Once the line containing "meteo ferragosto napoli" is found in the records below, return it and each following line exactly, up to and including the line containing "666 Gilliam Ave — Photo 1", and nothing else.

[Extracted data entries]
========================================================================

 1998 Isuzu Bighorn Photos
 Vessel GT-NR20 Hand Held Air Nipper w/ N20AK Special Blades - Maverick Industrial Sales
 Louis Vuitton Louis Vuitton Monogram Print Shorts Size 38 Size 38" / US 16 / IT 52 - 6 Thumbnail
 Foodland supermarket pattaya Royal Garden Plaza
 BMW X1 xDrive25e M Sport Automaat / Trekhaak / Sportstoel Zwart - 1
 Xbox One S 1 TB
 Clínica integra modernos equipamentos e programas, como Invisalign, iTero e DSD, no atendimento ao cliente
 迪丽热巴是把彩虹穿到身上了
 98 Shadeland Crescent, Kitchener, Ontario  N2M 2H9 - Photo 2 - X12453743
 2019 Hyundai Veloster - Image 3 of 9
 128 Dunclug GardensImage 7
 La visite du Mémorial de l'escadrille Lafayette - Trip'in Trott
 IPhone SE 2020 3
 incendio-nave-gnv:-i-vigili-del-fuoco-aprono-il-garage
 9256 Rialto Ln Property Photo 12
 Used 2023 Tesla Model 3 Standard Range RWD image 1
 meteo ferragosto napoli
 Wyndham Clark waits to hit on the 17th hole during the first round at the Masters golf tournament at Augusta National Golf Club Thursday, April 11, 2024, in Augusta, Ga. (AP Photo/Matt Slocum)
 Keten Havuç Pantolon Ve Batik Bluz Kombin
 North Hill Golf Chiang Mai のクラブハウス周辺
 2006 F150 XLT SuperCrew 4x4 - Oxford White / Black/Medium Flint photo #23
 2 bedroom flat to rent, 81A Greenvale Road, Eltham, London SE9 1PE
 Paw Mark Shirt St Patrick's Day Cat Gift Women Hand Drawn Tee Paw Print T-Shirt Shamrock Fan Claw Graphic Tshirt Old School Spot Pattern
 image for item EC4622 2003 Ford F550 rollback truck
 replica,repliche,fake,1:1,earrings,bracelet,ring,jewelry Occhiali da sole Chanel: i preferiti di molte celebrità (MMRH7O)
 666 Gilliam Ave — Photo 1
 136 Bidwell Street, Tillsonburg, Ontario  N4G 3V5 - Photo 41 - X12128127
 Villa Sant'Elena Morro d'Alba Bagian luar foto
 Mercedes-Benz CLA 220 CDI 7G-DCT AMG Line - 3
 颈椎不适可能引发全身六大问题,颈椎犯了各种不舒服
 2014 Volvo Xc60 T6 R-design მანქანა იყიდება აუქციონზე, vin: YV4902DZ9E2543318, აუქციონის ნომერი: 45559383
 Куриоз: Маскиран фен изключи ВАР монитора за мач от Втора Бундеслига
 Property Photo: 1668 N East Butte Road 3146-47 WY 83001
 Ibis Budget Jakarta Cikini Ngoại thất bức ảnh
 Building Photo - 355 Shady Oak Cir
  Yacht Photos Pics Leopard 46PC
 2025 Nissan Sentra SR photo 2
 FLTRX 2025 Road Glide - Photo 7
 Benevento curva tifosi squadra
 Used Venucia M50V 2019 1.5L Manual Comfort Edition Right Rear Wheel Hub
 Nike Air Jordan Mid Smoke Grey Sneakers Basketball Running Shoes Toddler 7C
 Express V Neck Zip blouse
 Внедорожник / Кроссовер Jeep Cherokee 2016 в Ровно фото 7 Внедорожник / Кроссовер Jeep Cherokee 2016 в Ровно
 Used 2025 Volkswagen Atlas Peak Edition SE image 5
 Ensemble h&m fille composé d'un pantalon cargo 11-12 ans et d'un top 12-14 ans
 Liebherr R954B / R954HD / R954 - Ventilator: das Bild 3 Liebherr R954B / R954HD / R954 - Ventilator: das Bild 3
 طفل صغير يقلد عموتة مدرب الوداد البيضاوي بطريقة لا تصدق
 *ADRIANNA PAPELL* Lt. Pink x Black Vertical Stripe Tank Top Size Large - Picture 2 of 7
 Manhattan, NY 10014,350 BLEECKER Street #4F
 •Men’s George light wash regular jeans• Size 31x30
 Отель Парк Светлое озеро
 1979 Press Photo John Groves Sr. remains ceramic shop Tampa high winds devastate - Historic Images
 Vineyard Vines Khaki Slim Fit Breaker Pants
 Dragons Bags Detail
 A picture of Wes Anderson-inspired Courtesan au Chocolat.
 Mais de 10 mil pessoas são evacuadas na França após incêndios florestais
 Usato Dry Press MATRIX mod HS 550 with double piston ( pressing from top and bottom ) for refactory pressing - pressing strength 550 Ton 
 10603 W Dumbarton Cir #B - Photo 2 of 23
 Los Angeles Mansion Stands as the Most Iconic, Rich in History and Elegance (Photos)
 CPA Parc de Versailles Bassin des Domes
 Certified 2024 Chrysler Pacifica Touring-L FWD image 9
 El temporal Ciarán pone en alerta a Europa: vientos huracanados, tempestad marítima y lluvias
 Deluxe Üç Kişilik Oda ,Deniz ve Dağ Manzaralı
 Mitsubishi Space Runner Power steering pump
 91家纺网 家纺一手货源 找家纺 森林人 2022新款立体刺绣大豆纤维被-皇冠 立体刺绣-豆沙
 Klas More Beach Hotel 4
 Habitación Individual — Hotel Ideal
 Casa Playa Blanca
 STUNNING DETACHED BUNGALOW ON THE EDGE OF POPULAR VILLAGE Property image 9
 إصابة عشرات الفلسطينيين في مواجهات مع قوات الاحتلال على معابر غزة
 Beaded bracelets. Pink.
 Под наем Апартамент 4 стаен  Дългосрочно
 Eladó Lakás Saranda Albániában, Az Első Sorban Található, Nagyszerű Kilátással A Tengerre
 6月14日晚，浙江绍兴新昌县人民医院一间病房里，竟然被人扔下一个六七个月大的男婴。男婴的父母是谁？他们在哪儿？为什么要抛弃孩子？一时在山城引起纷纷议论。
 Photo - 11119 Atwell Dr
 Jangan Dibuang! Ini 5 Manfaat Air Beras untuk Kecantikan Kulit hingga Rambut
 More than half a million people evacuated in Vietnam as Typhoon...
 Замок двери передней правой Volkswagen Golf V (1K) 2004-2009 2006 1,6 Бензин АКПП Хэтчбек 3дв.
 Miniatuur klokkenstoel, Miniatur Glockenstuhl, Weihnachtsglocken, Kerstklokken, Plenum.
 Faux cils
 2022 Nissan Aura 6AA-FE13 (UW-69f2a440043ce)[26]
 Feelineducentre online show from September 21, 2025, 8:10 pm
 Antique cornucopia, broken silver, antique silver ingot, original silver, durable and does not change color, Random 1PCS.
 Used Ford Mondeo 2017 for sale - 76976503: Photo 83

========================================================================

Reply
 meteo ferragosto napoli
 Wyndham Clark waits to hit on the 17th hole during the first round at the Masters golf tournament at Augusta National Golf Club Thursday, April 11, 2024, in Augusta, Ga. (AP Photo/Matt Slocum)
 Keten Havuç Pantolon Ve Batik Bluz Kombin
 North Hill Golf Chiang Mai のクラブハウス周辺
 2006 F150 XLT SuperCrew 4x4 - Oxford White / Black/Medium Flint photo #23
 2 bedroom flat to rent, 81A Greenvale Road, Eltham, London SE9 1PE
 Paw Mark Shirt St Patrick's Day Cat Gift Women Hand Drawn Tee Paw Print T-Shirt Shamrock Fan Claw Graphic Tshirt Old School Spot Pattern
 image for item EC4622 2003 Ford F550 rollback truck
 replica,repliche,fake,1:1,earrings,bracelet,ring,jewelry Occhiali da sole Chanel: i preferiti di molte celebrità (MMRH7O)
 666 Gilliam Ave — Photo 1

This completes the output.